Hignell, walking with the assitance of a cane, received a standing ovation from players and colleagues alike for a special presentation to mark his retirement at the Guinness Premiership Awards, staged at Stamford Bridge on Wednesday evening. The Rugby Writers’ Club and RFU were due to make a presentation to Hignell after the game.
His commentary today for Radio 5 Live will be at an historic occasion: 81,000 spectators expected at Twickenham, a record for a club fixture, for the season finale between Wasps and Leicester.
Hignell was a rugby and cricket Blue at Cambridge a little more than 30 years ago, where he was the first to captain the University at both sports.

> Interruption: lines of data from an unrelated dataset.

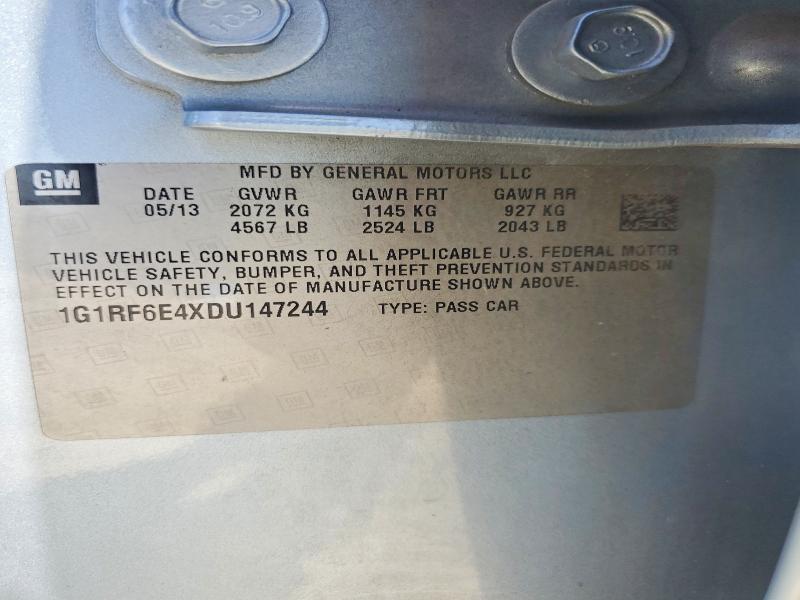 Aukcja sprzedaży 2013 Chevrolet Volt, vin: 1G1RF6E4XDU147244, numer aukcji: 57722466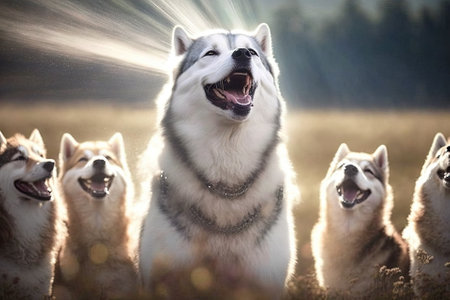 wolves and hounds Happiness, as seen through the eyes of a siberian husky. Generative AIの素材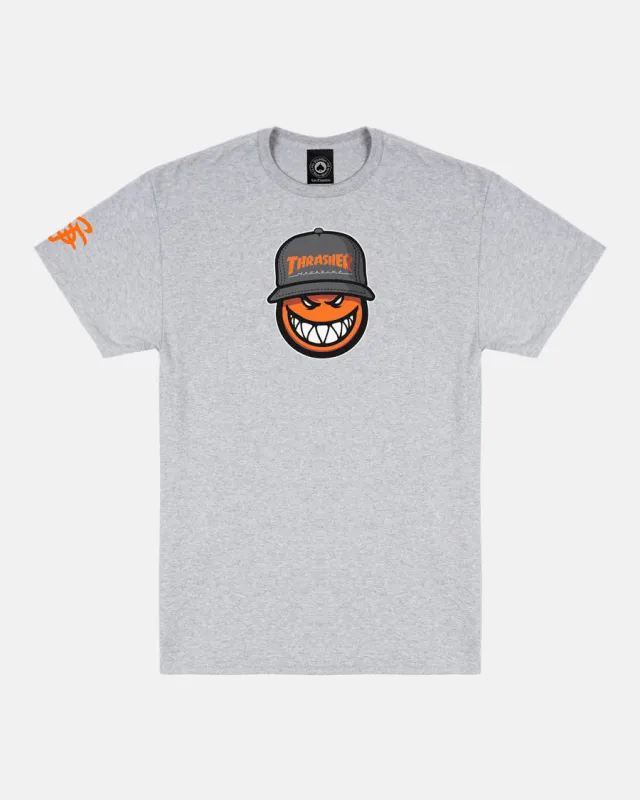 THRASHER X SPITFIRE - SF LOC - T-SHIRT - SPORT GREY sold by Thrasher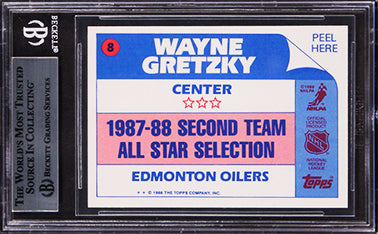 Oilers Wayne Gretzky Signed 1987 Topps Sticker Inserts #8 Card BAS Slabbed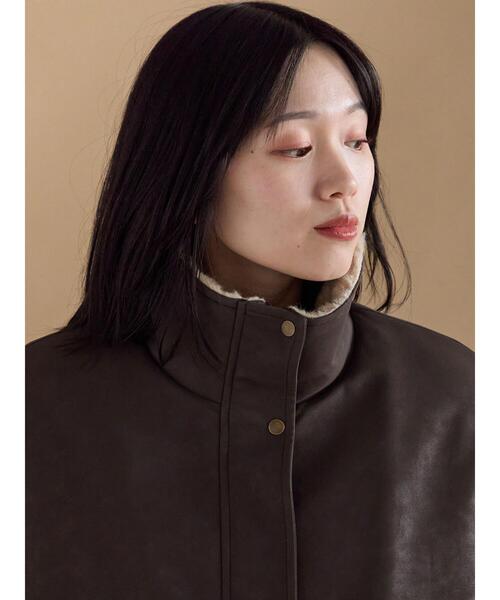 sm2rhythm（サマンサモスモスリズム）の「レザーライクミリタリージャケット（ノーカラージャケット・レディース・カーキ/ブラック/ブラウン・F）」の16枚目の写真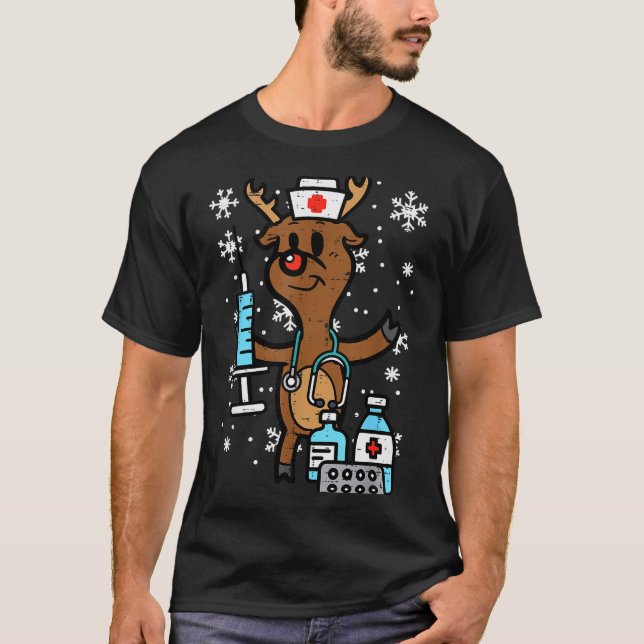 Camiseta Christmas Nurse Reindeer Funny Xmas Nursing Scrub  (Anverso)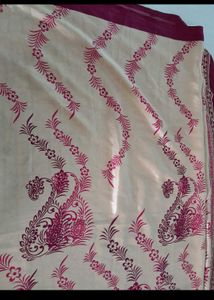 Beige Floral Printed Silky Saree😍🦄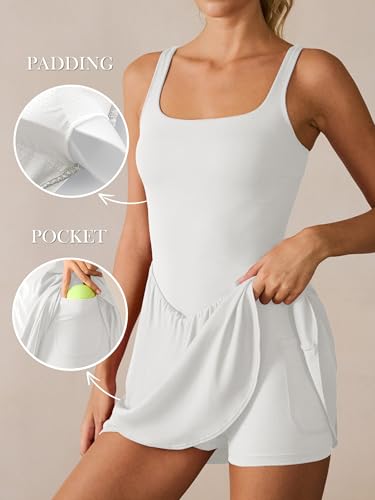 Image of Caracilia Women Tennis Golf Dress with Pocket | Square Neck 2 Layers Hem, Built in Shorts and Bra, Workout Athletic Active Gym, Summer Clothes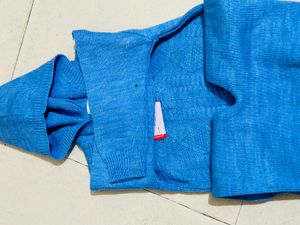 Babyhug Blue Knit Set - 0-3 Months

He was still a student when he won the first of his 14 caps as a big-kicking full-back for England, before going on to play rugby for Bristol and county cricket for Gloucestershire.
He made his England debut, aged 19, in 1975 in a brutal encounter with Australia in Brisbane – eight days later he was playing for Gloucestershire against Middlesex at Bristol, and five weeks later he made 60 in the Varsity match.
After leaving university, he continued playing rugby for Bristol and England in the winter while working as a history teacher and cricket coach (including at Bristol Cathedral School and Sherborne School), and cricket for Gloucestershire in the summer. He won the last of his 14 England rugby caps in 1978-79 and retired from first-class cricket in 1983.
He has covered every major rugby event, both home and international, since 1991. From 1989, he commentated on World Cups and Lions tours for HTV, then joined 5 Live in 1996.
Speaking last year about his illness, Hignell described himself as “lucky”.
“I am lucky also that, while my MS affects my limbs – my right leg does not do half the things I want it to do, and my right arm appears to be on go-slow – it does not, as it does for some people, affect the voice or the eyes.
“My problems can therefore be managed; by using an electric buggy, by living in an apartment with no stairs and no garden, by a support worker who drives me around the country, by a speech recognition programme on my computer, by a further session of physio at Kinetic Fitness Studios in Bristol every Thursday and by my Monday re-charge at the Treatment Centre in Nailsea.”
Barry Newcombe, President of the Rugby Writers’ Association as well as chairman of the SJA, paid tribute, saying, “Alistair was a throwback to the time when gifted sportsmen were able to reach the top in more than one sport, and he brought his versatility and dedication to the press box.
“BBC colleagues speak glowingly of his dedication to the task in last year’s Rugby World Cup in France with its demands on stamina and concentration.”